My laptop screen has suddenly developed a white rectangle in the middle. It is 1cm high, and 3cm across. I cannot get rid of it. Is this bad news, or is there anything I can do about it?


----------



## Frank4d (Sep 10, 2006)

Is it visible only on the desktop background? Or if you open a Window is it visible on top of the window? Also, is your desktop background a picture or solid color?


----------



## Allan Murray (Nov 7, 2006)

Thank you for your quick reply. The white rectangle is only visible on the Desktop background. Allan.


----------



## Frank4d (Sep 10, 2006)

Right click on your desktop and click Properties then the Desktop tab. Do you see a choice for Background that would be the white rectangle?

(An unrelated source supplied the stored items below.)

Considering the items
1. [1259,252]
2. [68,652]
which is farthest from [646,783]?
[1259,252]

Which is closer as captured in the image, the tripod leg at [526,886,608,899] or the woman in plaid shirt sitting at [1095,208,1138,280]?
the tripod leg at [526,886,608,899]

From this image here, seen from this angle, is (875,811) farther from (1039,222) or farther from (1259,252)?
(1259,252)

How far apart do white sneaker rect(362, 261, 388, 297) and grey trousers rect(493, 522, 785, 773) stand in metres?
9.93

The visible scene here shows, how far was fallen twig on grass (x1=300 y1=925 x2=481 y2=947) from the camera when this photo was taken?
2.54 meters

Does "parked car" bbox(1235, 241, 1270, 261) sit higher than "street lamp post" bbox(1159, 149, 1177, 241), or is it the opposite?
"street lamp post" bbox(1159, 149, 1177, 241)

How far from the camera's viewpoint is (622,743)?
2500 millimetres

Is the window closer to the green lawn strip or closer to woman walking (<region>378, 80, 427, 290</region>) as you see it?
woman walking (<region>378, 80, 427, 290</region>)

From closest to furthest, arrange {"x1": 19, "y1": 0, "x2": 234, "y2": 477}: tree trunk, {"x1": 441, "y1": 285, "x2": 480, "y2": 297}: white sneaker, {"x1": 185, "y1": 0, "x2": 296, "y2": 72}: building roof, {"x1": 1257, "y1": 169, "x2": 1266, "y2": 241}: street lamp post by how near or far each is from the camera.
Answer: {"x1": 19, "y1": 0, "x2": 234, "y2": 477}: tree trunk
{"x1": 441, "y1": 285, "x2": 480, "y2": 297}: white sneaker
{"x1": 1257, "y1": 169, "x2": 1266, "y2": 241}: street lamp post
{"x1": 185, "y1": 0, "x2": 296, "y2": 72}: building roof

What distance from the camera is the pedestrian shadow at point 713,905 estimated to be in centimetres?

If that's not it, click the Customize Desktop button, then the Web tab. Under Webpages there should only be one item (My current home page) unless you added some other items. Highlight any other items you didn't add and click Delete.


----------



## Allan Murray (Nov 7, 2006)

Thank you again. I cannot find anything under your first paragraph.
Is the Customise Desktop button the Personalise tab on the rt click drop-down. If not, I cannot find it. I cannot find Web tab anywhere. Allan.


----------



## Allan Murray (Nov 7, 2006)

The white rectangle has disappeared. I do not know why, but thanks all. Allan.


----------